BEGIN EXERCISE MATERIAL
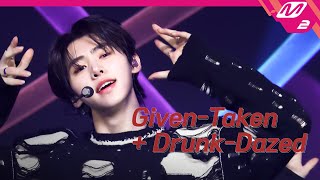 ENHYPEN엔하이픈  GivenTaken  DrunkDazed 4K  ENHYPEN COMEBACKSHOW  Mnet 211012 방송 [upl. by Iggie]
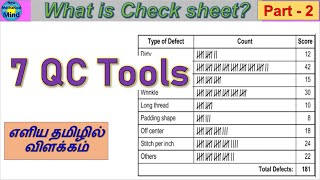 7QC tools| Part-2 | What is check sheet  | Explained in Tamil | ௭ளிய தமிழில் விளக்கம்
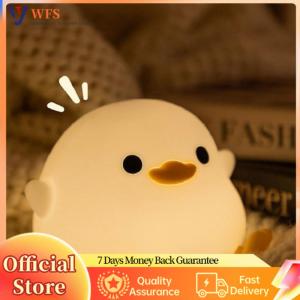 【Flagship】Kids Night Light Silicone Duck Shape Eye Caring Soft Glow Bedroom Decor
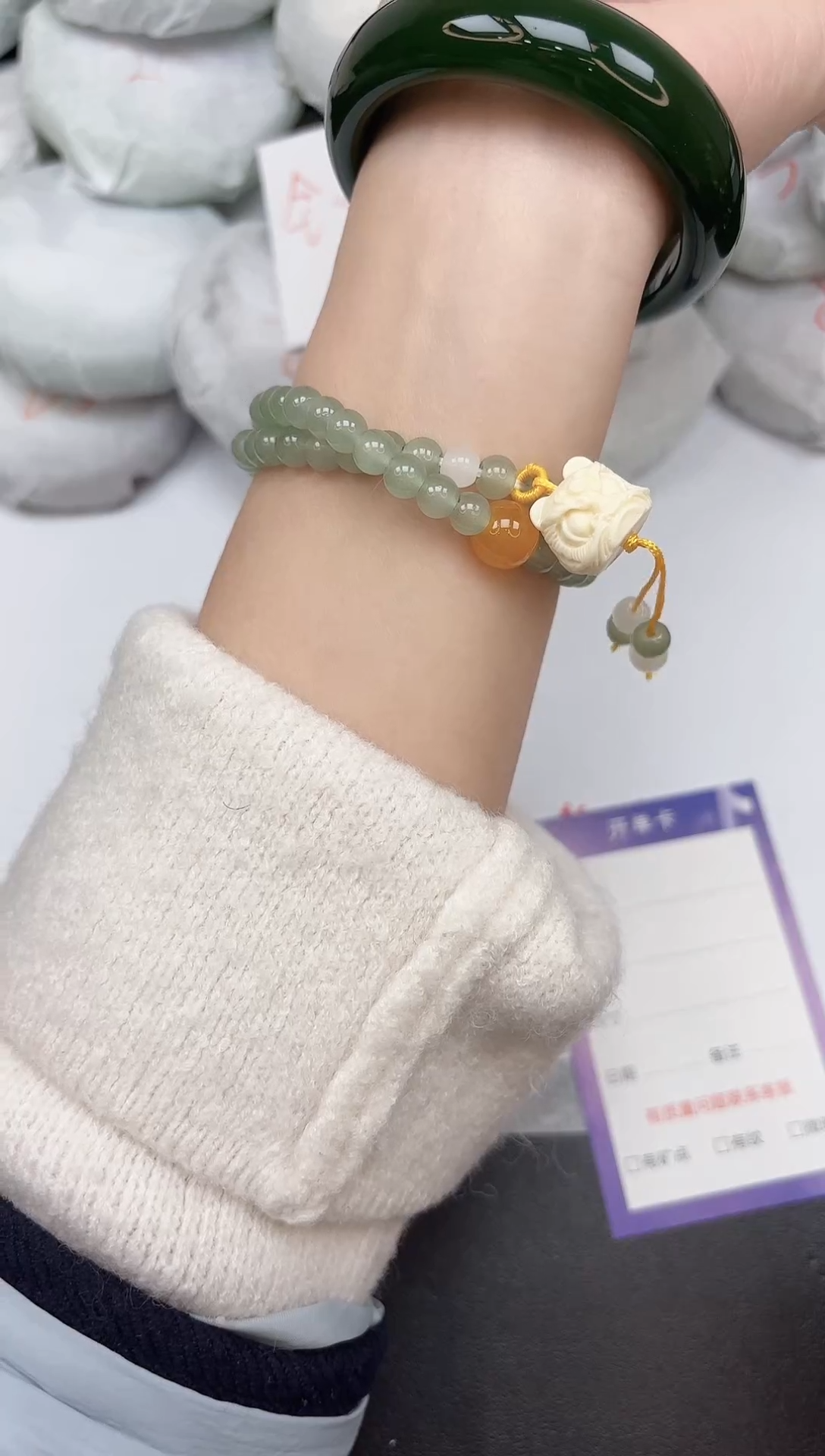 非金属无醒狮手串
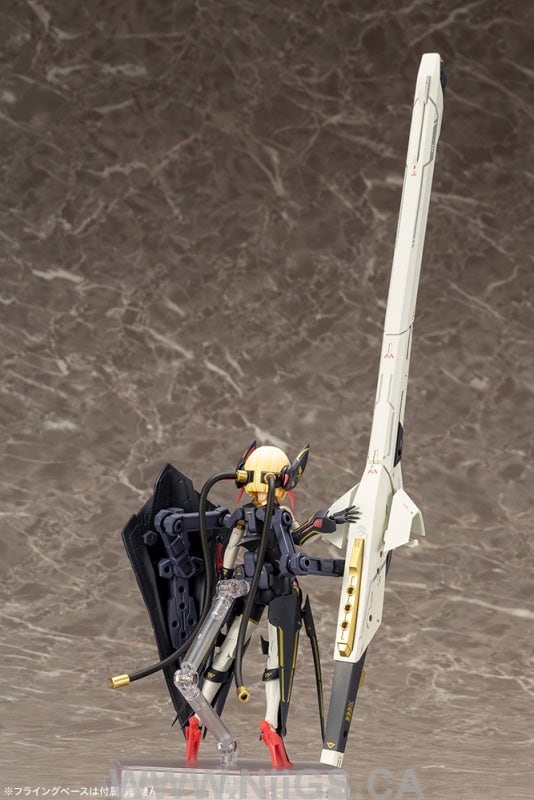 KOTOBUKIYA BULLET KNIGHTS Launcher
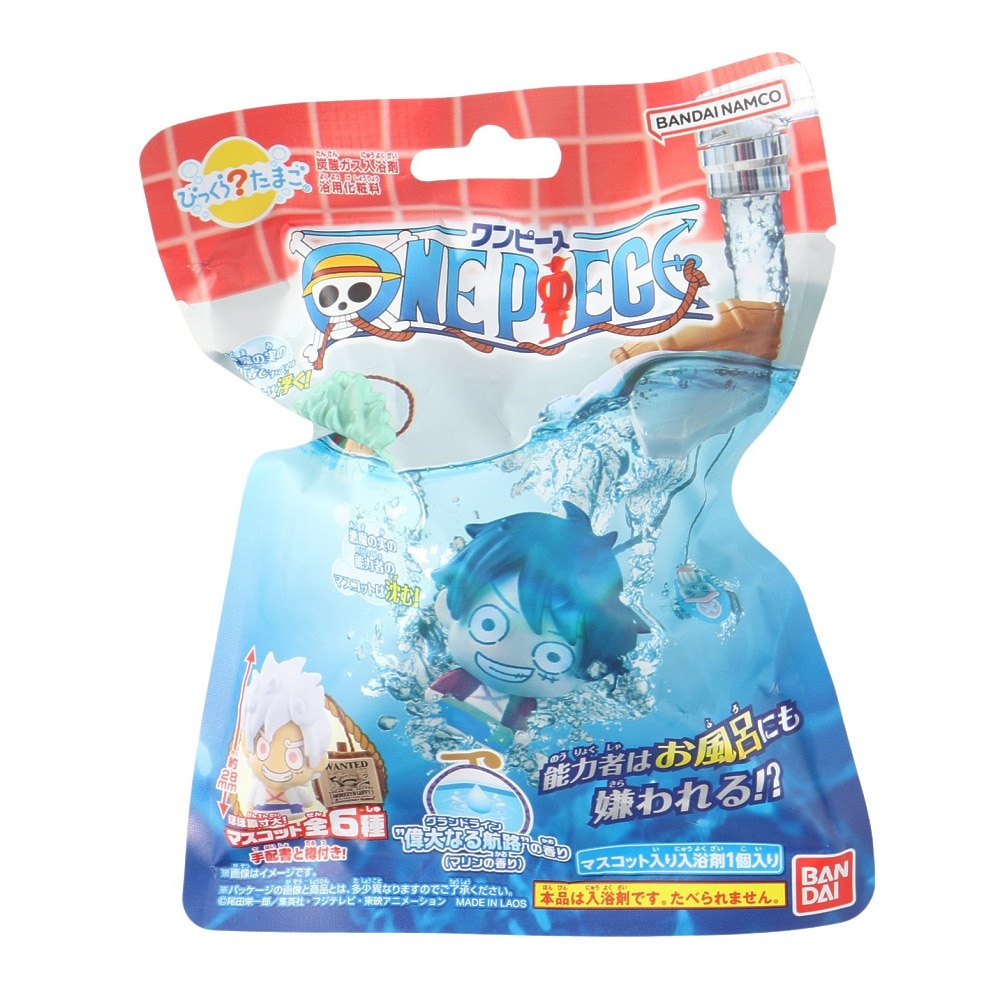 ワンピース（キッズ）入浴剤 びっくらたまご ONE PIECE NT 861997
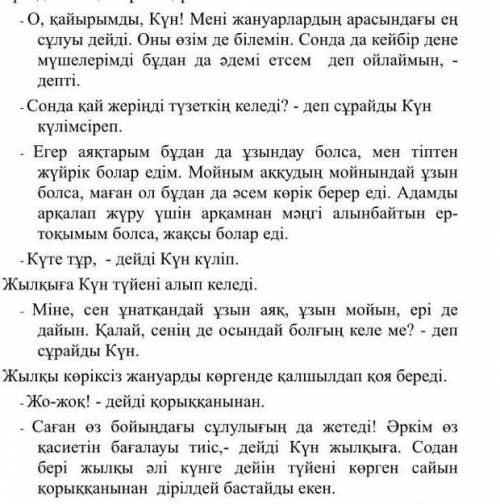 2. берілген маусым синонимінен тауп жазыз баягыда​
END EXERCISE MATERIAL
▶ _TO DO_:
Set down each entry above exactly as it appears. Omit the pictures.

▶ _TASK RESPONSE_:
 ENHYPEN엔하이픈  GivenTaken  DrunkDazed 4K  ENHYPEN COMEBACKSHOW  Mnet 211012 방송 [upl. by Iggie]
 7QC tools| Part-2 | What is check sheet  | Explained in Tamil | ௭ளிய தமிழில் விளக்கம்
 【Flagship】Kids Night Light Silicone Duck Shape Eye Caring Soft Glow Bedroom Decor
 非金属无醒狮手串
 KOTOBUKIYA BULLET KNIGHTS Launcher
 ワンピース（キッズ）入浴剤 びっくらたまご ONE PIECE NT 861997
 2. берілген маусым синонимінен тауп жазыз баягыда​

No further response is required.